# Predator calling seminar at Cabelas in Rogers,MN



## Bloodyblinddoors (Oct 25, 2006)

Just thought I'd let the MN boy's know about it. Myself and two others will be doing the seminar on Sat. the 20th and another will be held on Sun. Not sure if I'm gonna make that one yet. 2pm for both.


----------



## Brad.T (Mar 29, 2004)

How about a little on the seminars. What are the topics covered. Will there be slides or a movie included. Talk your seminar up a little and give yourself some credit like years of combined predator hunting expierence ect.

I would love to make it but that is a bit of drive for me


----------



## Dak (Feb 28, 2005)

Cool. I have some family business that will bring me to the area on Sat. I'm just trying to get into the predator game will definitely make the Sunday seminar.


----------



## Bloodyblinddoors (Oct 25, 2006)

Thanks Brad.

We'll have the general introuction of myself, Wade and the other fellow. I've been calling coyotes in MN and ND for about 10 years now. In Mn I average about 65-70 sets a winter and have been holding an annual average of 1 called in for every 4 sets. Wade and the other fellow grew up calling coyotes in WY. Wade has recently moved to MN and has called in 6 yotes for 16 sets.

Then we'll go over the introduction of the coyotes, their behavior, Vocal correlation, and family status.

Then scouting, location and setups will be gone over thoroulghy.

Then the different calls: Distress , all yote vocals, e-callers and hand calls.

The importance of when to call according to the time of day and the time of year.

Weapons. Clothing. Then alittle Q&A.

We will have our personal calls, weapons and photo albums on display. And I think Wade will have a predator calling movie along to demonstrate the importance of a few things.


----------



## R Buker (Oct 29, 2005)

WHAT??? No discussion on hunting at night or with lights??? :wink:


----------



## 1shot1yote (Dec 23, 2006)

Does it cost anything to attend? About how long will it run?

Justin


----------



## Bloodyblinddoors (Oct 25, 2006)

R Buker said:


> WHAT??? No discussion on hunting at night or with lights??? :wink:


There will be a TON of night hunting info, but I'll have nothing to offer in the way of hunting with lights cause I have no experience with light hunting. If any one askes a question about light hunting at the end of the seminar, I'll answer honestly. The light law has been in effect for Minnesotans for less then a month, and I dont have enough experience with it to give accurate info.


----------



## Bloodyblinddoors (Oct 25, 2006)

1shot1yote said:


> Does it cost anything to attend? About how long will it run?


Cost will be free. It will probly run for about an hour depending on the number of questions at the end.
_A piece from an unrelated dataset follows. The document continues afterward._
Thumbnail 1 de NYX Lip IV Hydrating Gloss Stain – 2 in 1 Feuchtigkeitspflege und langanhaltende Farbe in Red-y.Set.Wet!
I'd be more than willing to help a guy or two learn how to blow a call afterwords if they need some help.


----------



## Brad.T (Mar 29, 2004)

sounds good i wish i could attend


----------



## cya_coyote (Aug 31, 2005)

sounds like you need to come to the kansas city cabelas store... i have been to 2 of their 'seminars', if that is what they wanted to call them... they had one of their employees standing there blowing on a few calls and playing the different dvd's... he was not very good at calling as far as any of the guys that attended were concerned. he explained basically NOTHING about set-ups, scouting, and the only part of coyote hunting that he seemed to know was 'running them with dogs... and driving across the fields chasing the coyotes...' and yes, those were his words.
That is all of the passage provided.